Well, since it is a pretty momentous day for me, I might as well record the fact that today was my last day of teaching French.

After graduating from Reading with a degree in French and Linguistics and doing a PGCE at the West London Institute, I began teaching at Tiffin School in Kingston-upon-Thames. After four years I moved on to Hampton School, an independent school for boys which had formerly been a grammar school. During my time at Hampton I did an MA at the Institute of Education, for which I wrote a dissertation on second language learning and acquisition, with a particular focus on the work of Stephen Krashen, who still holds considerable influence. I have always had a particular interest in second language learning theory and methodology.
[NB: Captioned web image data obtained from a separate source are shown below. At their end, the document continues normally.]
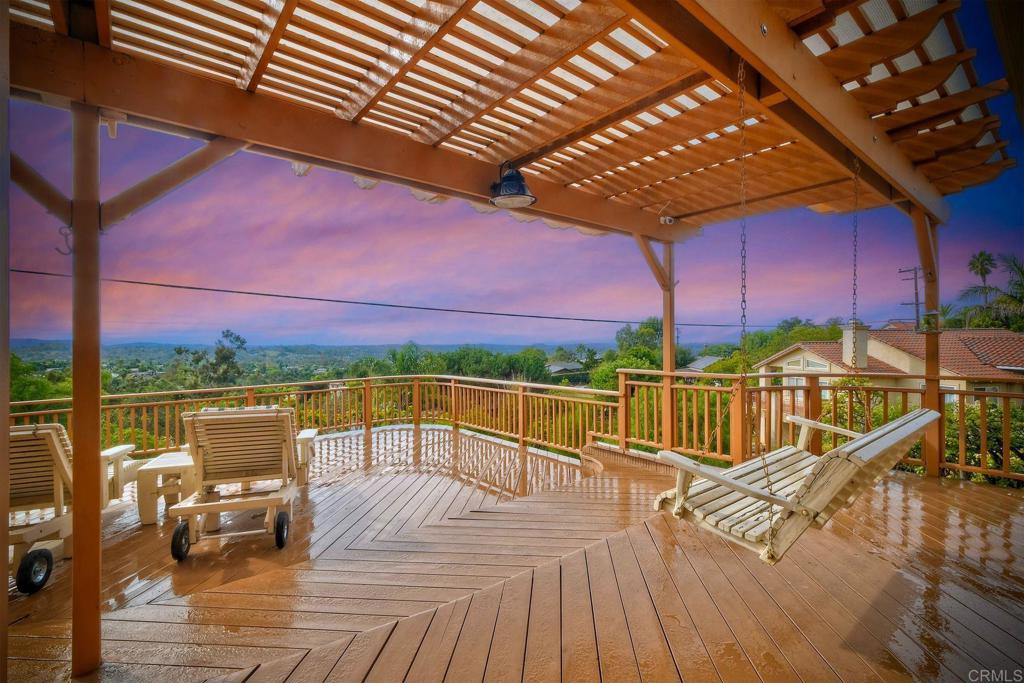 a view of a balcony with wooden floor and outdoor seating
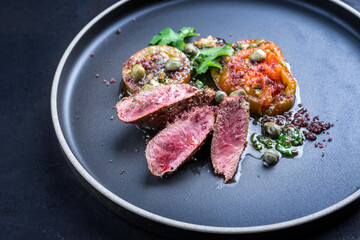 Modern style traditional wild hare back filet braised with tomato slices and capers in herb jus...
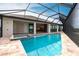 Relaxing screened pool and spa, perfect for outdoor entertaining at 16920 Ohara Dr, Port Charlotte, FL 33948
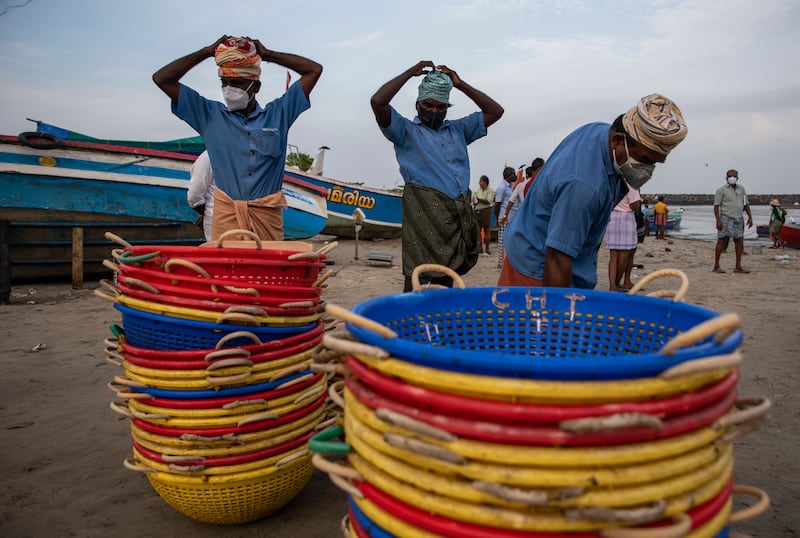 Labourers wearing masks as a precaution against Covid-19 get ready to collect fish from a fishing boat on the Arabian Sea coast in Kochi, Kerala state, India.  AP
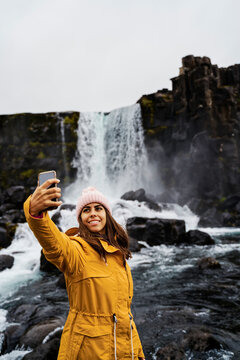 A white woman takes a selfie near a waterfall in Iceland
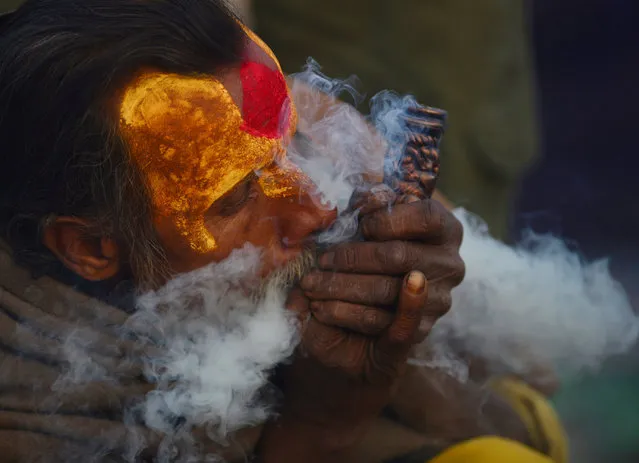 A Nepalese Sadhu (Hindu holy man) smokes a chillum, a traditional clay pipe, as a holy offering to Lord Shiva, the Hindu god of creation and destruction near the Pashupatinath Temple in Kathmandu on Febuary 23, 2017, on the eve of the Hindu festival Maha Shivaratri.
Hindus mark the Maha Shivratri festival by offering prayers and fasting. (Photo by Prakash Mathema/AFP Photo)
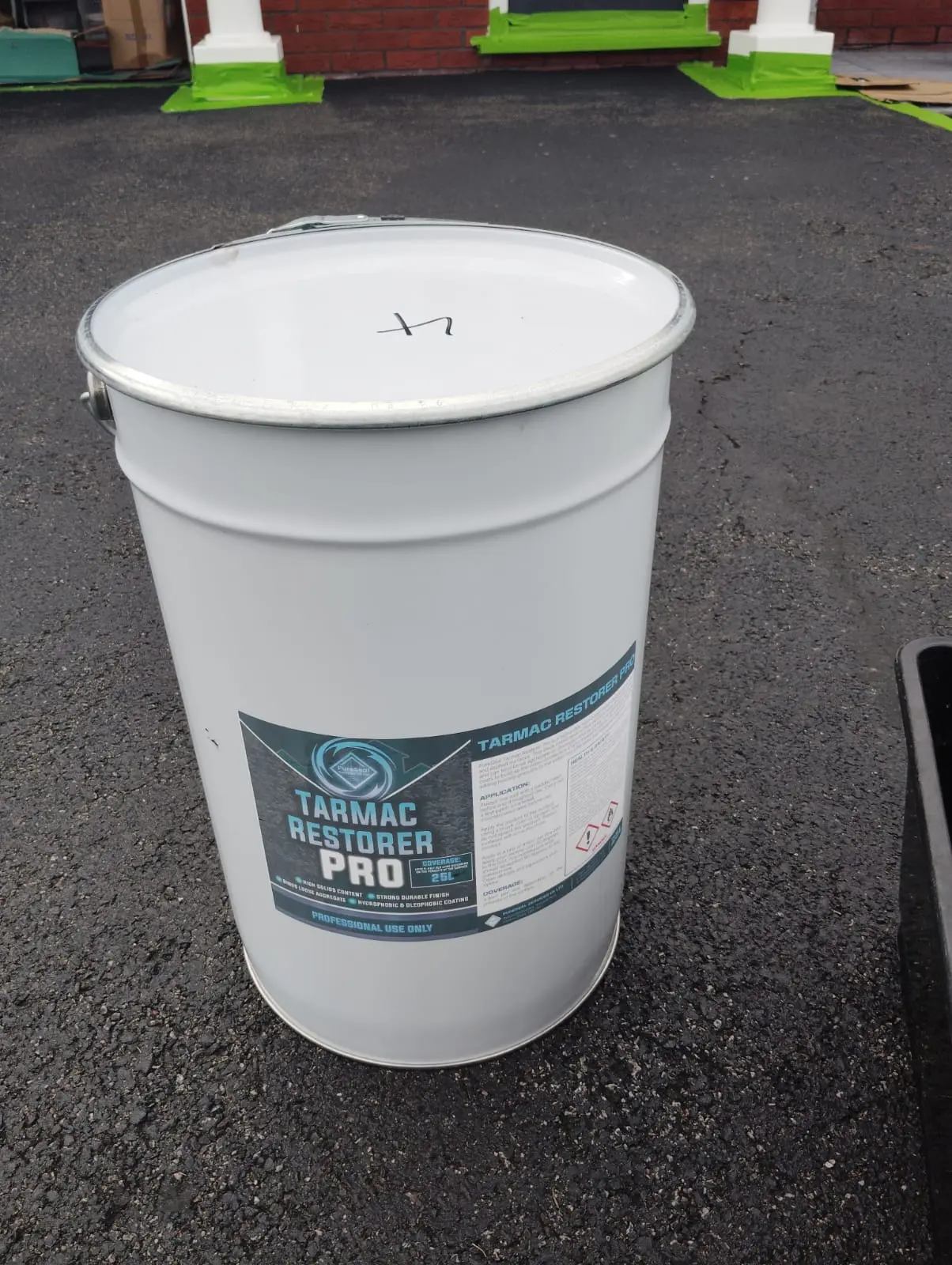 25 litre tub of professional tarmac restorer ready for application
After four years at Hampton teaching French and a little German I moved to Ripon Grammar School to be a Head of Department. At that stage my only future career plan was to possibly move into teacher education at some point, but opportunties in that field became rare, and, in any case, I continued to enjoy teaching above all else. Being a HoD also provided opportunities to mentor other teachers, either younger colleagues or PGCE students doing their placements with us at Ripon. Above all else I have always found the classroom a stimulating, challenging and enjoyable place to be. So I stayed at Ripon from 1988 to this day, supplementing my teaching with cricket and rugby coaching for a while, all the while running trips to France and a long-running exchange which, I am pleased to say, is going to continue.

I have always been extremely lucky to work alongside very talented colleagues, both in my departement and in others. Ripon GS is an excellent school which recently got the Ofsted "outstanding". In some ways conditions for teachers have improved. There is less cover and less admin to do, but performance management, targets and accountability have added other pressures. Overall the job has got harder as greater pressure is placed upon you to achieve the best results and as the expectation to produce enjoyable lessons has grown. We have always had to teach too many lessons for them all to be excellent.

So now it's a bit of a relief to shed some responsibility and focus on other areas of life. I shall have more time to keep refining and building up the frenchteacher.net site, which I began in 2002, after learning to do some simple HTML language. So look out for a relative frenzy of new resources in the months to come!

Comments

  1. Congratulations! I hope you will enjoy a bit of a breather, and some time for yourself!